We've been writing a lot about our Broadway Lighting and Sound Master Classes in the last several months, in these pages and on our websites and e-newsletters. Quite frankly, we've made it almost impossible for you to avoid. And if you've been paying attention, you know that two industry legends were the faculty chairs for each event: lighting designer Jules Fisher and sound designer Abe Jacob. Each designer had put together a stellar faculty for their events: Don Holder, Ken Billington, and Wendall Harrington among the lighting staff; Tom Clark, John Leonard, and John Kilgore among the sound staff.

I'm writing this on the morning of the first day of classes — a hot, muggy summer day in New York City — and it looks like we have a hit on our hands. The response among designers, technicians, distributors, and manufacturers was tremendous. Now in its ninth year, the lighting classes attracted record attendees and sponsors. And the sound classes far exceeded our expectations for a first-year event. Smack dab in the middle of it all is our annual EDDY Awards, and it looks like we're going to have record attendance there, too.

I'd like to think that all of us who helped pull off these events — publisher Jackie Tien, editorial director David Barbour, technical editor Michael Eddy and his wife, production manager Kathleen Eddy, marketing coordinator Christina Heil, senior editor Ellen Lampert-Gréaux, sales reps Aimee Eckert, Adrienne Gurman, and Holly O'Hair, art director John Scott — were really smart, that we pulled off a great event all on our own and that we have every right to brag about it. And I'm sure that once it's all over, if you find me at some industry event with a couple of beers in my belly, I'd be happy to brag 'til the cows come home.
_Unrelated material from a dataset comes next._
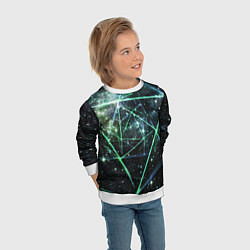 Свитшот детский Космические линии звезды, цвет: 3D-белый — фото 2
But fact is this industry has always had an insatiable thirst for knowledge. There will always be new gear, new techniques, new ideas, and new frontiers in theatre design and technology, and, by extension, the rest of live entertainment. Education continues to be a top priority, obviously for all the schools, teachers, and students around the country, but also for working designers, manufacturers, technicians, and everyone else involved in making a show come together.

That's why education is our top priority too. You can see it in our coverage, from our monthly columnists to the two issues we devote to education each year. You can see it in our close involvement with the annual LDI trade show. And you can certainly see it in the Master Classes. And we're not finished either; look for more educational programs and coverage from us in the months to come. Hopefully I'll have more bragging to do.

PS: It's now the Monday after all the above events, and I'm afraid I'm just going to have to start bragging now: They were all a spectacular success. We'll be writing about all of them in the next issue of the magazine, but I just wanted to comment on the amazing hunger for education exhibited by the both the lighting and sound students, who traveled from all over the country and the world to attend these events. They listened intently to each speaker, asked numerous questions afterwards, spent quality time with each exhibitor and learned all about their gear, and then also talked amongst themselves, comparing notes. These last five days have been among the most gratifying of my career. And also the most exhausting. I'm going to bed.